Please copy the lines below, exactly as they are, from the one with "london,1900s,1903,vintage,bw" through the one with "Roadmaster Rescue Chronograph", and leave out the pictures.

**Supplied records:**

───

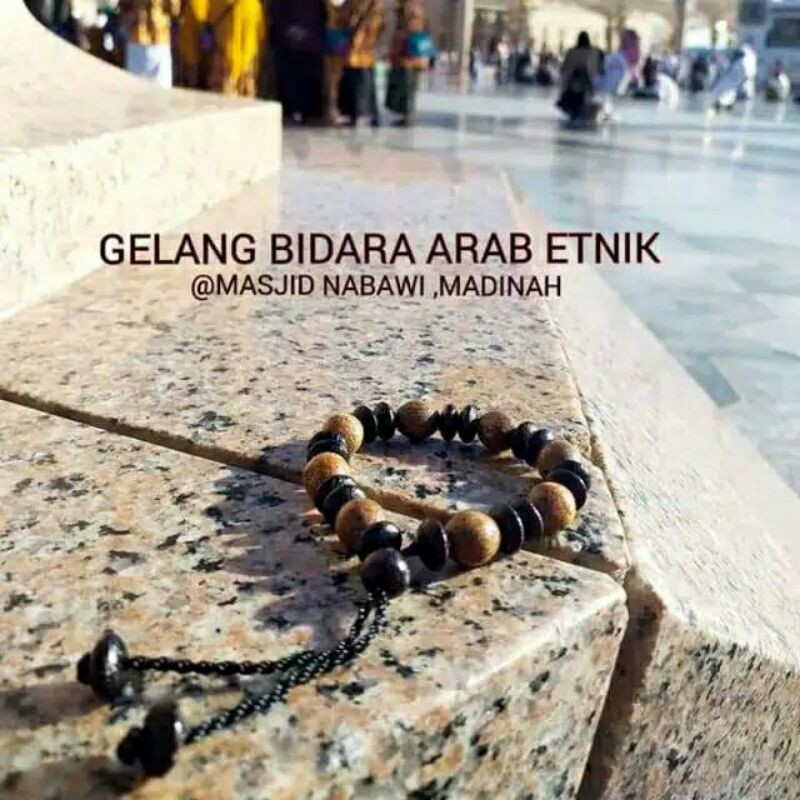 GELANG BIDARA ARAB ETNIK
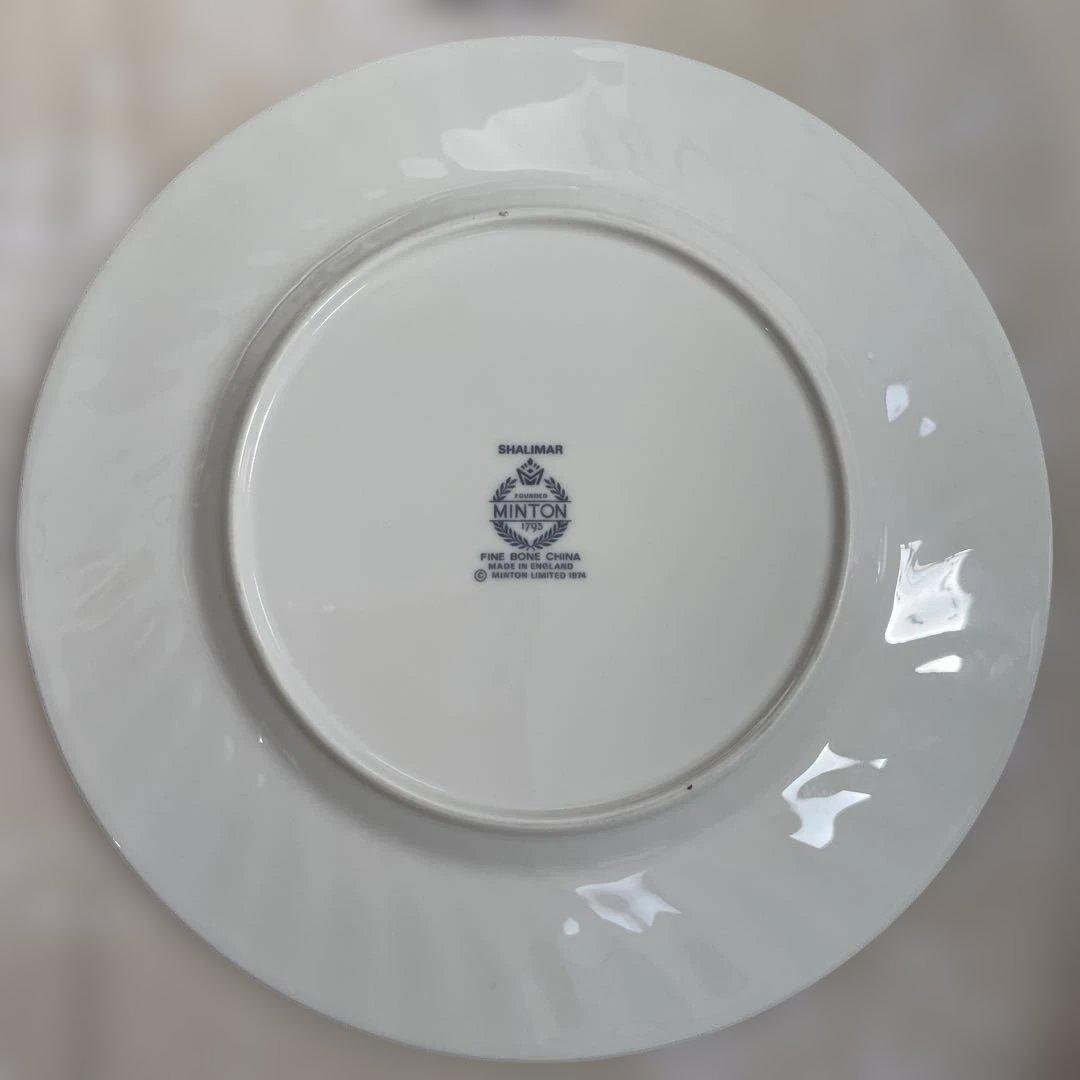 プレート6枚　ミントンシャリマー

───

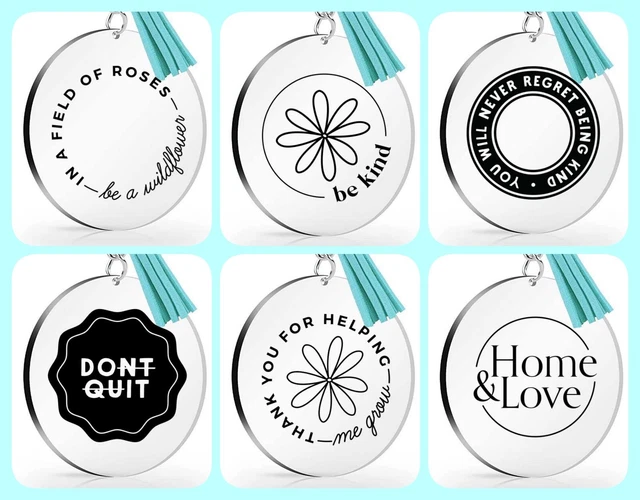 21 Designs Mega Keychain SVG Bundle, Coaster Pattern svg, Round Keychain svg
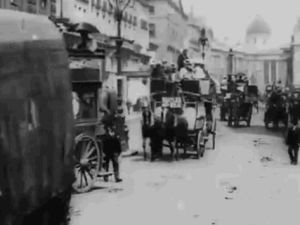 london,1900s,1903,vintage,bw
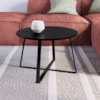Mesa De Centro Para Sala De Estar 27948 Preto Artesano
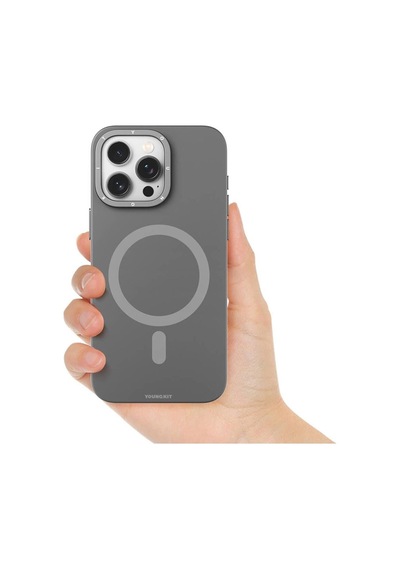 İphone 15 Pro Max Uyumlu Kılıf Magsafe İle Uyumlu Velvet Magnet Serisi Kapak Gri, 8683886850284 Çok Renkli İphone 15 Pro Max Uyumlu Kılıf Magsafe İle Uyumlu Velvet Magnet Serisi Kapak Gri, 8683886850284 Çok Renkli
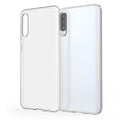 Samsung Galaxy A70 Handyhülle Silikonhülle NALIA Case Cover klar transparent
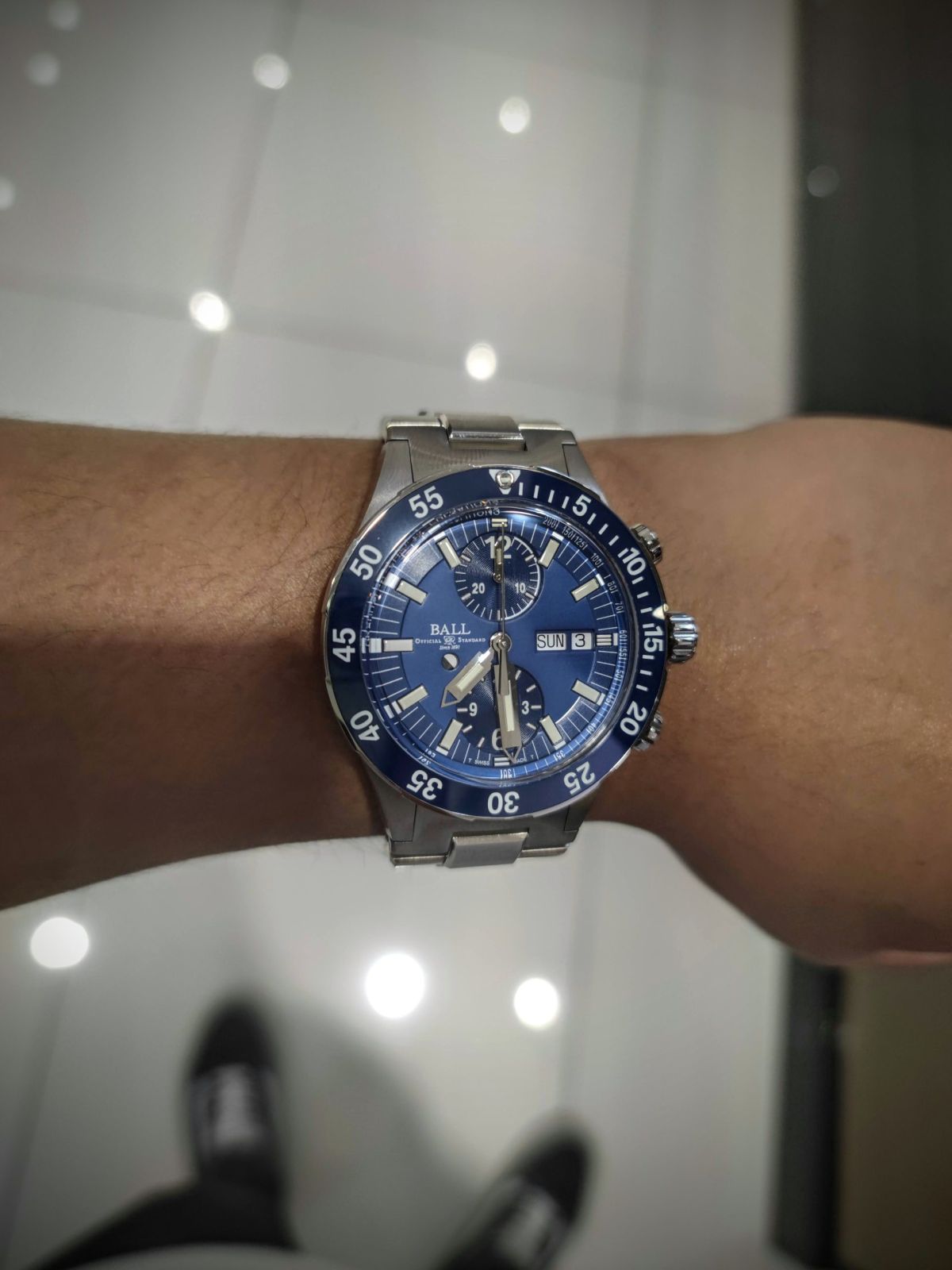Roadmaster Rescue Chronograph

───

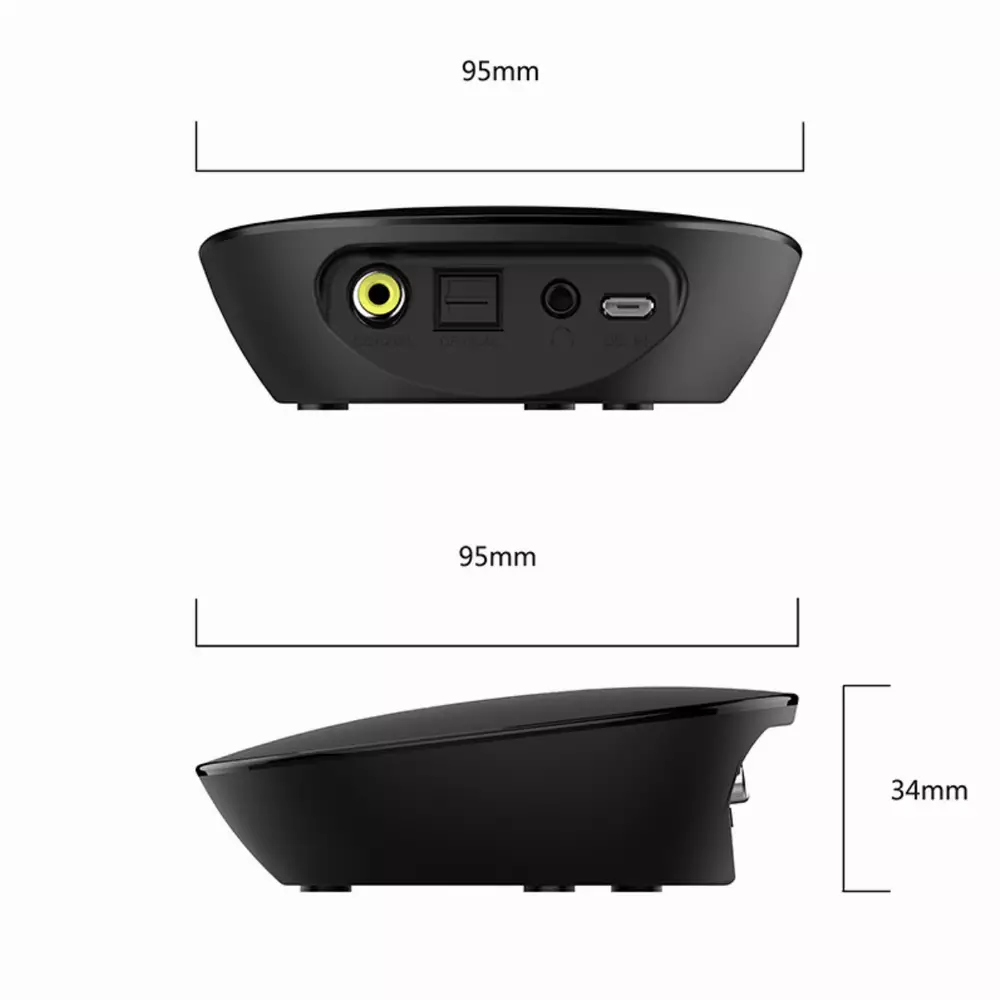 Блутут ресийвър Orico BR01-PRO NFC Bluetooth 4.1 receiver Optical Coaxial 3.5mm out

───

**Finished task:**
 london,1900s,1903,vintage,bw
Mesa De Centro Para Sala De Estar 27948 Preto Artesano
 İphone 15 Pro Max Uyumlu Kılıf Magsafe İle Uyumlu Velvet Magnet Serisi Kapak Gri, 8683886850284 Çok Renkli İphone 15 Pro Max Uyumlu Kılıf Magsafe İle Uyumlu Velvet Magnet Serisi Kapak Gri, 8683886850284 Çok Renkli
 Samsung Galaxy A70 Handyhülle Silikonhülle NALIA Case Cover klar transparent
Roadmaster Rescue Chronograph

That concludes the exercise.